Figure 1. All dorsal root ganglion (DRG) neurons express calcium-dependent activator protein for secretion 1 (CAPS1) while only 50% express CAPS2. (A) CAPS1 and, to a lesser extent, CAPS2 mRNA was detected in DRGs. Total RNA from the DRGs (five adult mice) and cerebellum as positive control was probed for CAPS1 and CAPS2 by RT-PCR. (Bi) Western blot (WB) analysis of CAPS protein expression during development. DRGs were isolated from wild-type (WT) and CAPS DKO E18, and WT P7 mice and blotted with the indicated antibodies (Table 1). Actin was used as a loading control. (Bii) Actin-based corrected protein expression levels were normalized to the P7 signal (n = 2). (Ci) Immunocytochemistry of DRG neurons in culture with anti-CAPS1 (top) and anti-CAPS2 (bottom) antibody suggests that CAPS1 is present in all DRG neurons while CAPS2 is present in a subpopulation of DRG neurons. The specificity of the antibodies was verified (Supplementary Figure S5). (Cii) Quantification of CAPS paralog expression among DRG neurons (Nmice = 5, nneuron = 70 and 191 for CAPS1 and CAPS2, respectively).
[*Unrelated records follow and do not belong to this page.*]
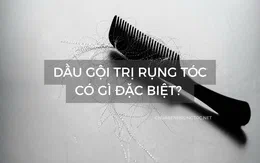 Dầu gội trị rụng tóc có gì đặc biệt? 10 loại phổ biến và sự thật về hiệu quả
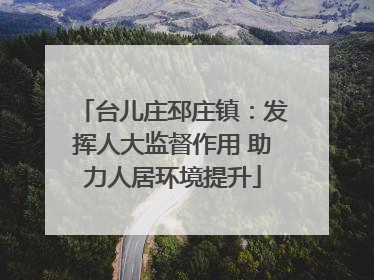 台儿庄邳庄镇：发挥人大监督作用 助力人居环境提升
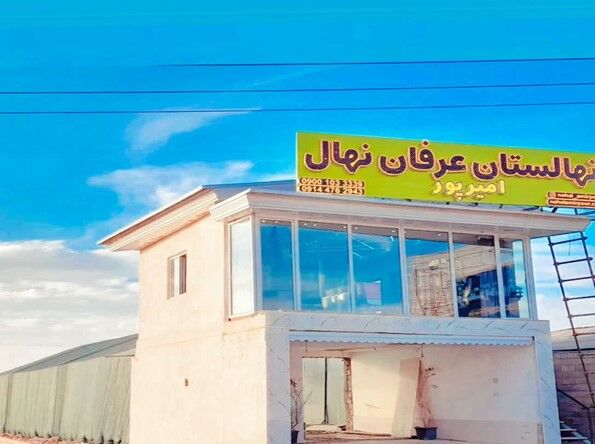 به جای طلا و دلار، با 70% تخفیف نهال پایه رویشی بخر، 2 برابر بازگشت سرمایه اولیه در سال اول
Both CAPS Paralogs Can Promote Exocytosis of LDCVs
We assessed CAPS function in LDCV exocytosis at the somata of 7 DIV DRG neurons with TIRFM. LDCVs were specifically labeled by NPY-Venus expression using a lentivirus (Bost et al., 2017) and exocytosis was triggered via field electrode stimulation at 100 Hz. A pre-stimulus at 10 Hz was applied to the cells for 30 s in order to elevate intracellular calcium and promote priming of LDCVs (Bost et al., 2017). In WT neurons, this pre-stimulus induced a moderate rate of LDCV secretion, which was almost doubled by 100 Hz stimulation (Figure 2). After 3 min of stimulation, the WT neurons secreted, on average, 2.7 ± 0.5 LDCVs (Figure 2A). The LDCV release probability, defined as the number of exocytosis events divided by the total number of LDCVs per footprint area (Figure 2E), was 5.1 ± 0.6% (Figure 2F), which is approximately twice as high as that in hippocampal neurons (van Keimpema et al., 2017). In CAPS DKO neurons, LDCV exocytosis was reduced by ~70% while the release probability was reduced by >40% in comparison to WT neurons (Figures 2A,F). To verify that impaired LDCV exocytosis in CAPS DKO mice was due to CAPS deletion, we performed rescue experiments by transfecting CAPS DKO neurons with either CAPS1 or CAPS2 5–6 h before the experiments using a Semliki Forest virus transfection system. The number of fusing LDCVs in CAPS DKO neurons transfected with CAPS1 or CAPS2 was approximately two-fold higher than that in control DKO DRG neurons. This increase of secretion was significant in cells transfected with CAPS2, but not in cells transfected with CAPS1 (Figure 2B). Nonetheless, the release probability was significantly increased by a factor of three in DKO cells transfected with either of the CAPS paralogs in comparison to that in DKO control cells (Figure 2F). Consequently, both CAPS paralogs were able to restore LDCV exocytosis in CAPS DKO DRG neurons to a level exceeding secretion in WT neurons, prompting us to test the effect of CAPS overexpression in WT DRG neurons. We found that LDCV exocytosis and the release probability were doubled in WT cells transfected with CAPS1 or CAPS2 compared to that in control cells (Figures 2C,D,F). Overall, these results indicate that both CAPS paralogs are able to promote LDCV exocytosis in DRG neurons and that WT DRG neurons do not express CAPS at saturating concentrations.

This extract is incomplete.